DATA PROVIDED —

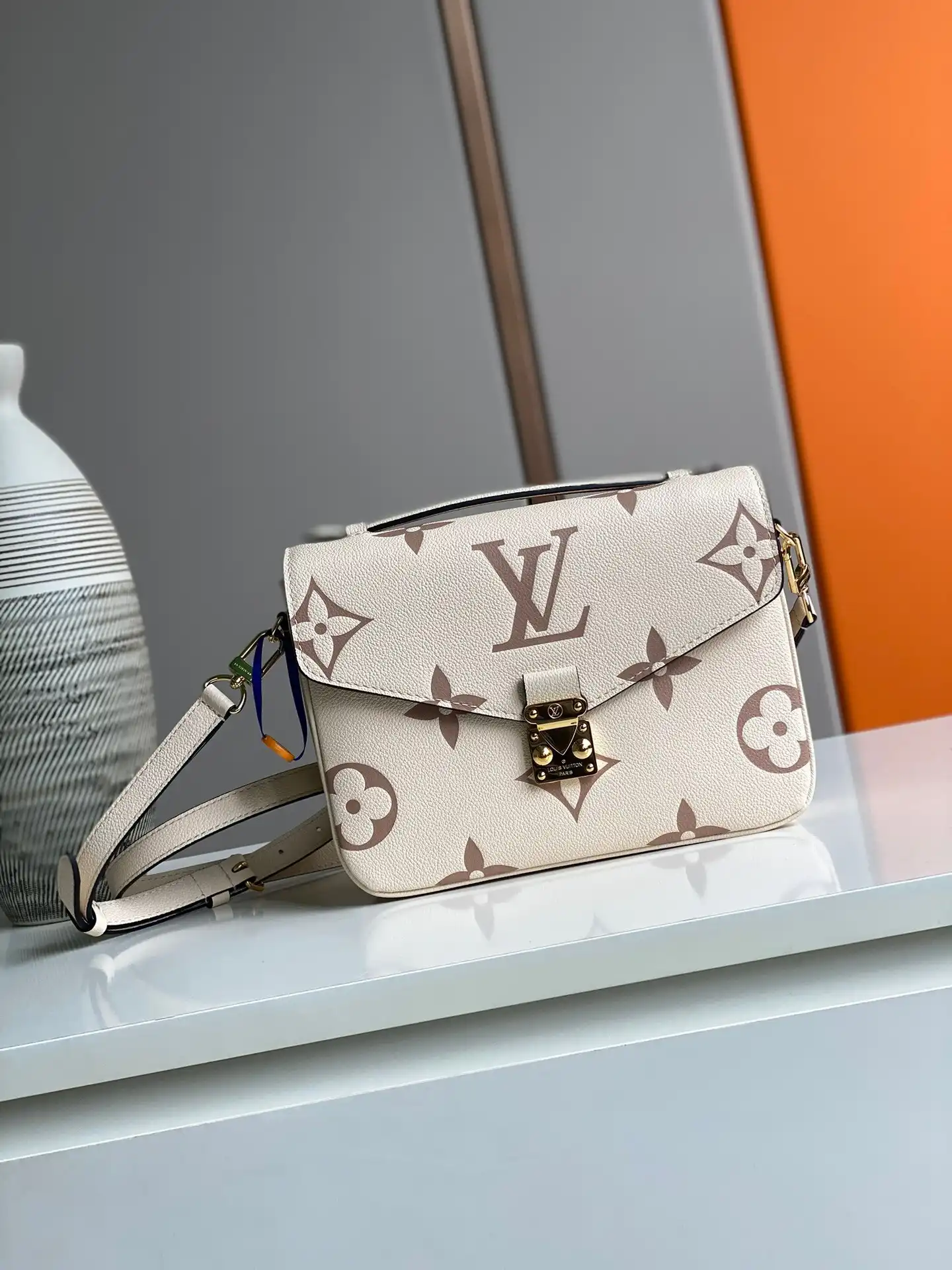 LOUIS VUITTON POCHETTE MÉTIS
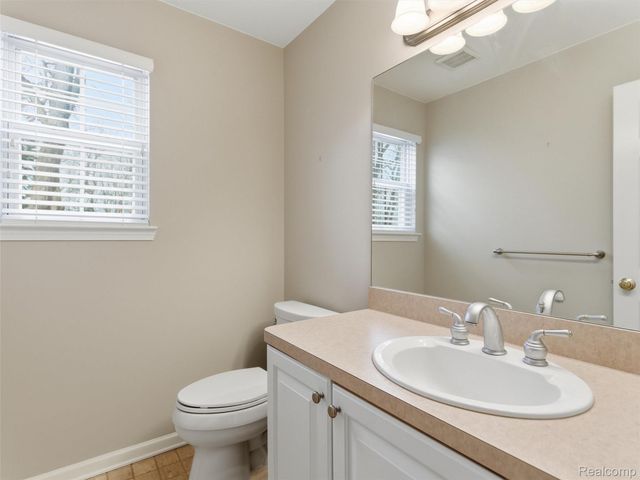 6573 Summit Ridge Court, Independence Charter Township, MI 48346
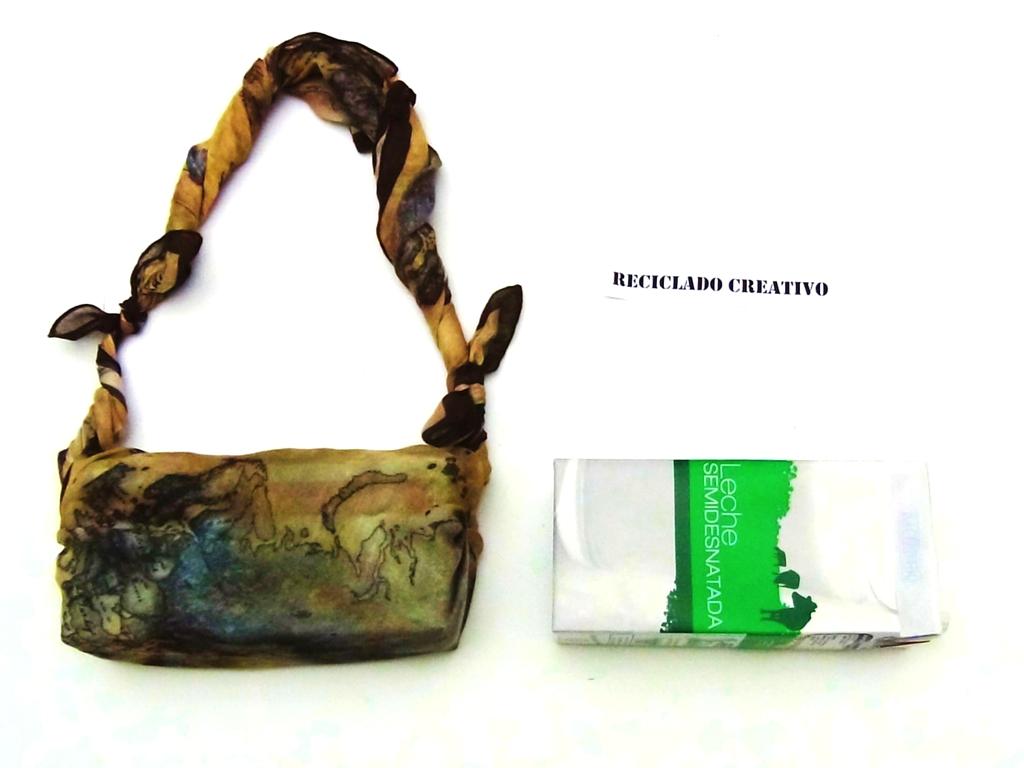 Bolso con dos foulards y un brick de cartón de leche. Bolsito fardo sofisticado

TASK TO COMPLETE — Beginning with the line that has "6573 Summit Ridge", repeat each remaining line of the data above word for word, keeping pictures out.

ANSWER SECTION —
 6573 Summit Ridge Court, Independence Charter Township, MI 48346
 Bolso con dos foulards y un brick de cartón de leche. Bolsito fardo sofisticado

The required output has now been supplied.